Surface
From the Series: Speaking Volumes
From the Series: Speaking Volumes
There is nothing you can dominate as easily as a flat surface of a few square meters; there is nothing hidden or convoluted, no shadows, no “double entendre.”
—Bruno Latour
Mohammed stares at the map, struggling to triangulate the surfaces of the buildings he sees there against the surfaces of the urban fabric around us, his GPS location as a fulcrum.
“The buildings don’t really look like the buildings,” he notes woefully. Mohammed is an architect. Traveling from Kuala Lumpur the previous night, this is his first time in Hong Kong. “Yeah, this is not right.”
On one hand, Mohammed’s map is a grid comprised of infinite squares, which are optimal for calculation and tessellate with maximum efficiency. On the other, a circle, possible paths radiating inward and outward, producing hierarchal rings with the innermost sanctum of power in the center.

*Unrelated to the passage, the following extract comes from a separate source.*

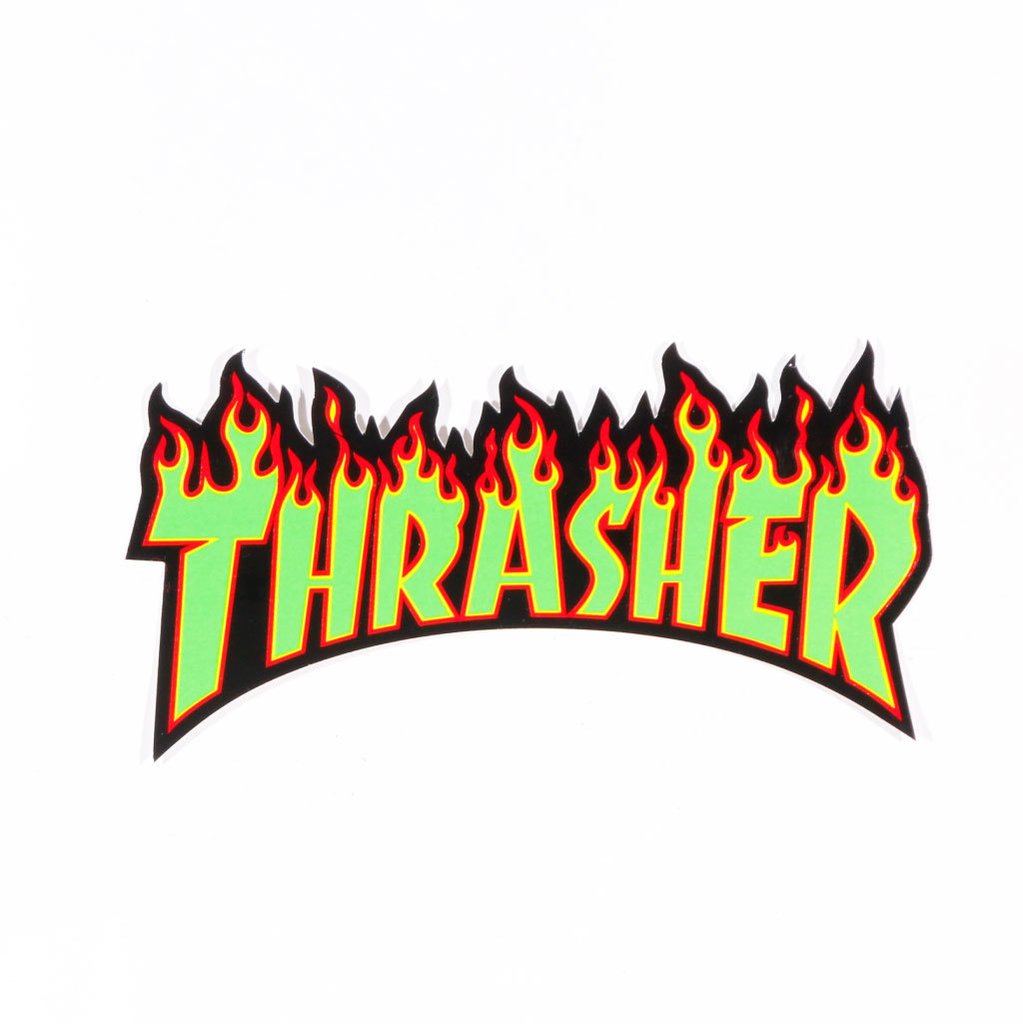 Thrasher Sticker Flame Mediano - Black Raven Skateshop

On one hand, we skate across the surface of a universal cartography: coordinate systems, navigation charts, rectilinear urbanism, digital and mobile maps and three-dimensional modeling software. On the other hand, we place ourselves at the center of our own cartography: medieval cities, panopticons, boulevards, sonar and radar technology, geolocative applications and augmented reality.
These are surfaces produced and reflected in the logics of cartographic reason, which strives to transform the representational and material world into a single, stable, universal order (Farinelli 2009). Geometries penetrate into cultures and communities, translating the scales of the local and global into the same language.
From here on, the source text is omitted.